Task details:
Locate each line below that includes "auto" and reproduce it.

══ Data ══

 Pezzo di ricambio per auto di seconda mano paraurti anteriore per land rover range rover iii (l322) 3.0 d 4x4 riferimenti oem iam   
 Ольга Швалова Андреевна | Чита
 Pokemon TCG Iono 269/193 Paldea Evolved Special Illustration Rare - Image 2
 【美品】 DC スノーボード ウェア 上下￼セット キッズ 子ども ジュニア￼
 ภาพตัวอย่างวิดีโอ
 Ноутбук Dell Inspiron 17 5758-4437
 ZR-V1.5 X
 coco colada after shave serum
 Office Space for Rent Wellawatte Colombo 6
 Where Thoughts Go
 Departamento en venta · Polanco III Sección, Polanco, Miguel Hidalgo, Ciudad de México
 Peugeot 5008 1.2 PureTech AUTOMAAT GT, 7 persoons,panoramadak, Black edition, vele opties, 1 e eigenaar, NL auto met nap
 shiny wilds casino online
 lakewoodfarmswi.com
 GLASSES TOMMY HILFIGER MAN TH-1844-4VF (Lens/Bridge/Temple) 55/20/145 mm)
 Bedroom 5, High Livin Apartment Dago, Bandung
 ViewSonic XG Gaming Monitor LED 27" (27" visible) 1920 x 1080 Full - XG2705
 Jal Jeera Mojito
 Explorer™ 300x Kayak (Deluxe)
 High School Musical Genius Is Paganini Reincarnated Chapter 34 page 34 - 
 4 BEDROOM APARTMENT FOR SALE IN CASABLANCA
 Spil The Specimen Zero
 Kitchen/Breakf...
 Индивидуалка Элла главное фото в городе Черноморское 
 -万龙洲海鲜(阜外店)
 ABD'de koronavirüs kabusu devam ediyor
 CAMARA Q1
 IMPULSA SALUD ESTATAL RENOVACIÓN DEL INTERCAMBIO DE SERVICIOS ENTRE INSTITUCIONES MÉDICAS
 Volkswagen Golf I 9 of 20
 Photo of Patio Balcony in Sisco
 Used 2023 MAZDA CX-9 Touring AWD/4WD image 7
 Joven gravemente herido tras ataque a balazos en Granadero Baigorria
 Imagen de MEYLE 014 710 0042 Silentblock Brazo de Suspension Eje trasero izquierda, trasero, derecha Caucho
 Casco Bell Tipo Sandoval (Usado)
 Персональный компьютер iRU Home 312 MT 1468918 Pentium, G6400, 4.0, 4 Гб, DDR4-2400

═══

Result of this task:
 Pezzo di ricambio per auto di seconda mano paraurti anteriore per land rover range rover iii (l322) 3.0 d 4x4 riferimenti oem iam   
 Peugeot 5008 1.2 PureTech AUTOMAAT GT, 7 persoons,panoramadak, Black edition, vele opties, 1 e eigenaar, NL auto met nap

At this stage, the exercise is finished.